Hideki Kadowaki【写真】純真と狂気が共存する。そんな門脇だ (C)MMAPLANET

10月9日(月)に東京都練馬区ココネリ・ホールで開かれるTribe Tokyo Fight Challenge 07のメインで、川那子祐輔と対戦する門脇英基。

2000年にアマ修斗全日本大会でウェルター級(※70キロ)準優勝、決勝の相手は杉江アマゾン大輔だった。その年の11月にプロ修斗デビュー、大内敬に勝利する。

腹固め&RNC=カドワキ・スペシャルで一世を風靡し、MMAでは山本KID徳郁、アレッシャンドリ・フランサ・ノゲイラ、日沖発、佐藤ルミナ、ナム・ファン、横田一則、長倉立尚、田中半蔵、クレベル・コイケ──グラップリングで矢野卓見、所英男、今成正和、植松直哉、石川祐樹、佐々幸範ら時代を反映する相手と鎬を削り合ってきた。

41歳となり、一部で教祖と称される門脇の話をTTM URUSHI DOJOでのプロ練習後に訊いた。そこでは、目くるめく門脇ワールドが展開された。


──門脇選手とこうやって話をするのは、もう本当に久方振りです。元気でしたか。

「元気でやっていましたよ。練習だけですけど(笑)」

──あと2週間弱で川那子選手との試合がやってきます。現在の体調は?

「良いと思います。体調は良いです」

──かなり頬がこけていますね。

「これは……そういう顔です」

──以前より、痩せていませんか。

「ちょっと痩せましたね。食べる量が減ってしまうので」

──もう減量の影響が?

「いや年を食うと飯の量が減ってしまって。前と比べると食が細くなって、少し痩せましたね。運動量は変っていないのに食べる量が少なくなっているから」

──なるほど、そういうことですか。ところでTTFにはどのような印象を持っていましたか。

「DEEP、修斗、パンクラスが中心だったのが、GrandslamとかTTFとか選手をやっていた人間が、コツコツと大会を開いてくれるのは嬉しいですね。リングやケージの中に入ってしまえば同じですけど、選手目線というか選手の気持ちが分かる長南とかが大会を開いてくれるのは何となく嬉しいです。

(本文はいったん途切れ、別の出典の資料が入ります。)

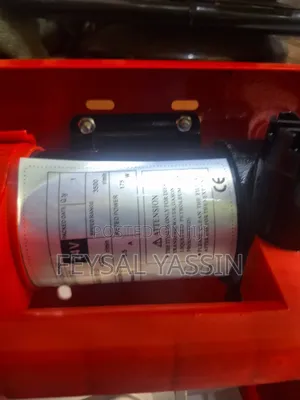 Fule Pump Cordless 12v And 24v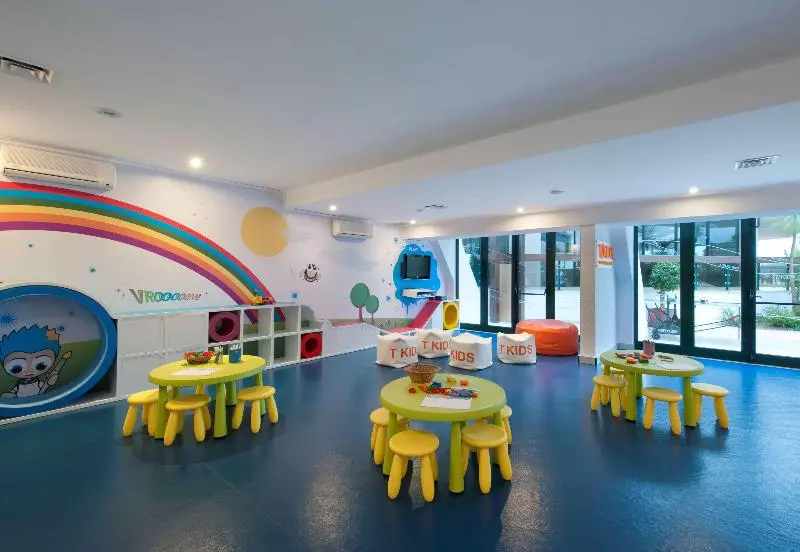 酒店 Tivoli Marina Vilamoura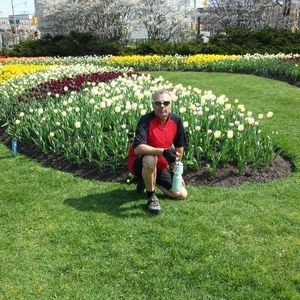 Meet your Posher, Bertrand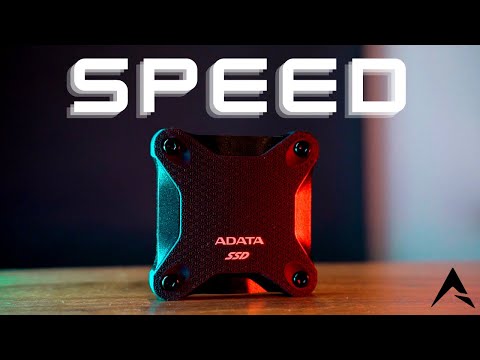 AMAZONS "Fast & Affordable SSD" Any GOOD? (1TB ADATA SSD)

もちろん、僕は修斗とDEEPに凄くお世話になったという気持ちしかなくて。そのうえで選手出身の人が大会を開き、僕のような戦績も良くない人間にオファーをくれて。こんな動けるかどうか分からん人間に長南が声をかけてくれたから、まだいけるんだっていうところを見せたいです」

──1年前にDEEPでオーロラ☆ユーキ戦に勝利、それ以前も2年ほどブランクがあった。こういうペースで試合に出ることに関して、どのように捉えているのですか。

「試合間隔が空くのはしょうがないです。自分にオファーが来ないのは仕方のないことだと思っています。当然です。自分で強くなっているという実感があれば、すぐに試合に出たいと思うのでしょうけど、何かガチっと掴めたわけでもないので僕的にはちょうど良いスパンだと思っています」

──今日はTTM URUSHI DOJOでプロ練習でしたが、現在の練習状況はどのような形なのでしょうか。

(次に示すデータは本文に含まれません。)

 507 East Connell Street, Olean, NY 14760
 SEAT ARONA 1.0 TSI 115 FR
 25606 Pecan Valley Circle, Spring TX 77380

Kadowaki「今日はここのプロ練習で。火曜日は中村謙作さんやD-PLUSの人たちが光岡映二のグッドスキルでやっているので、そこに行ける時は行っています。あとはトイカツ道場ですね」

──現在の所属先はどこに?

「ここですよ(笑)。URUSHI DOJOです。今回の試合もウルシ(漆谷康宏)経由で長南からもらって。その時に所属先をウルシ道場にしました。いつまでも慧舟會の東京道場を所属先にしていてもも……もう東京道場もなくてマネージメントしてくれる人もいないので。タイミングといえば、タイミングです。

まぁ東京道場所属だって言っていても、試合もなかったから関係ないんですけど……(苦笑)」

──門脇選手は今、どのように生計を立てているのですか。

「こことトイカツ道場の指導、それと自営業でマット工事をやっています。工事の方はそれほど頻繁に仕事があるわけじゃないですが、指導とマット工事で食っています。それとたまにお掃除のバイトをして。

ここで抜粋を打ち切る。